**YOUR GOAL:**
For this exercise, restate word for word only the lines from the one containing "Hồng Đỉnh Chi Hạ Chapter 2 trang 7" through the last line below. Pictures do not get copied.

**MATERIAL PROVIDED:**
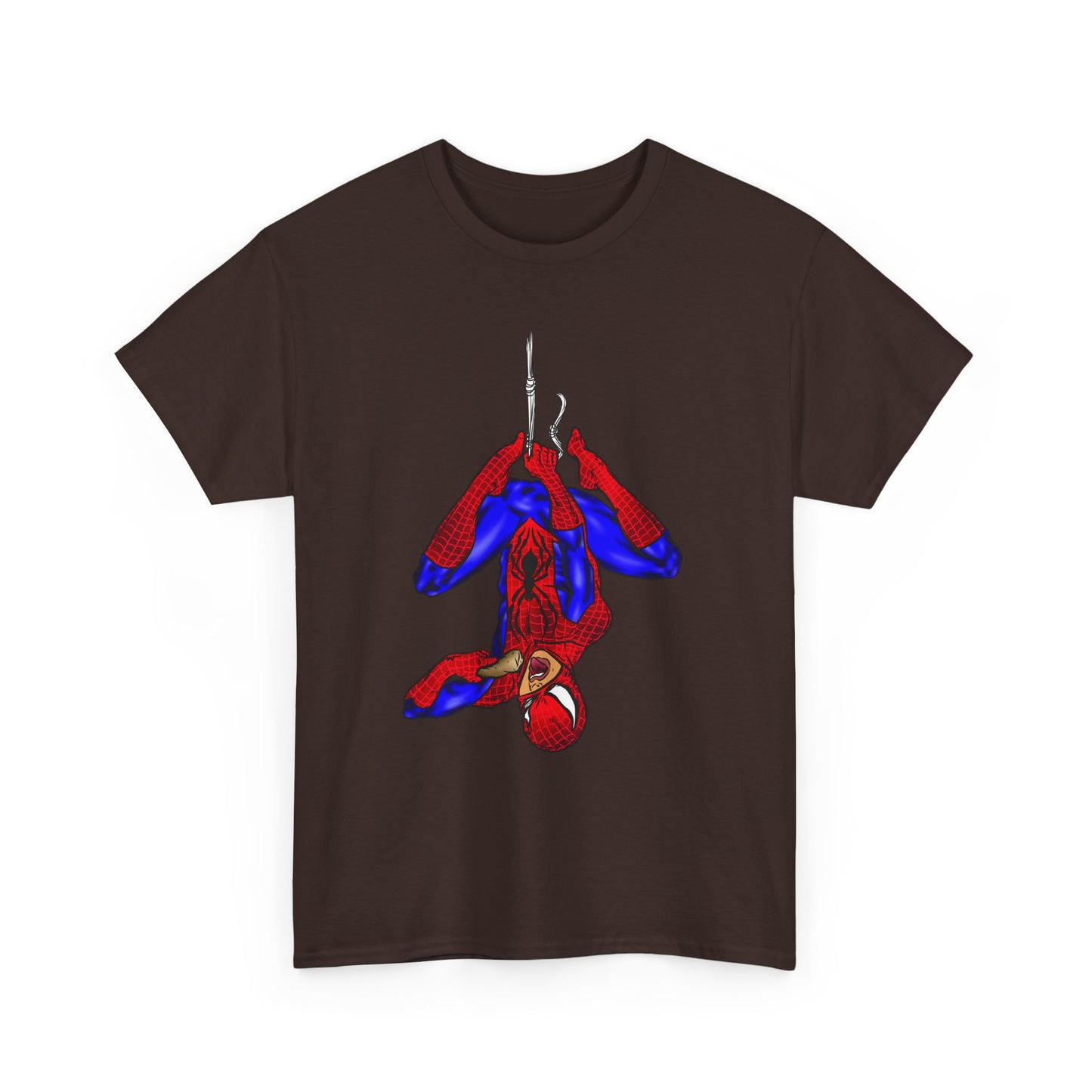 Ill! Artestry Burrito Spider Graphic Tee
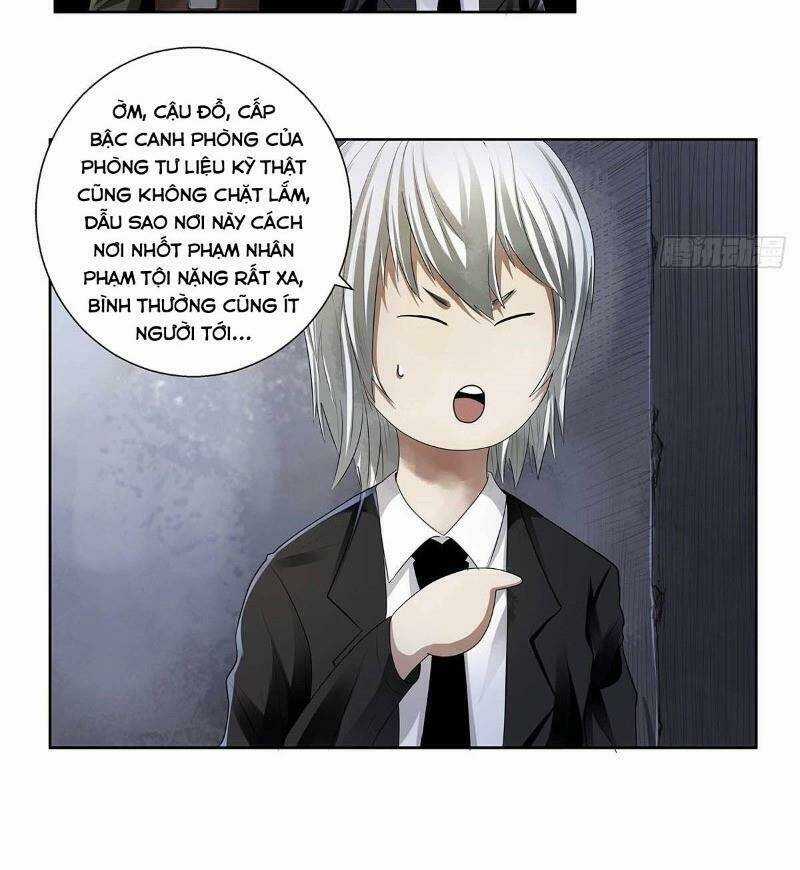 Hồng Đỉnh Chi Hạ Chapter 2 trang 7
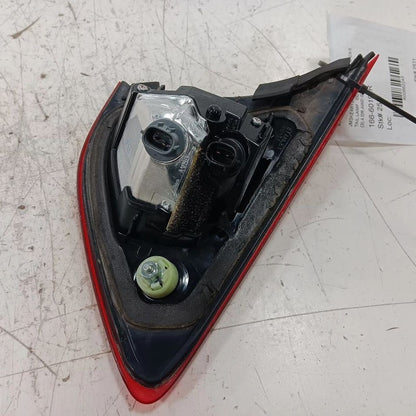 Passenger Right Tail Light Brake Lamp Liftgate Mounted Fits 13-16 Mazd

**RESULT FOR THIS TASK:**
 Hồng Đỉnh Chi Hạ Chapter 2 trang 7
 Passenger Right Tail Light Brake Lamp Liftgate Mounted Fits 13-16 Mazd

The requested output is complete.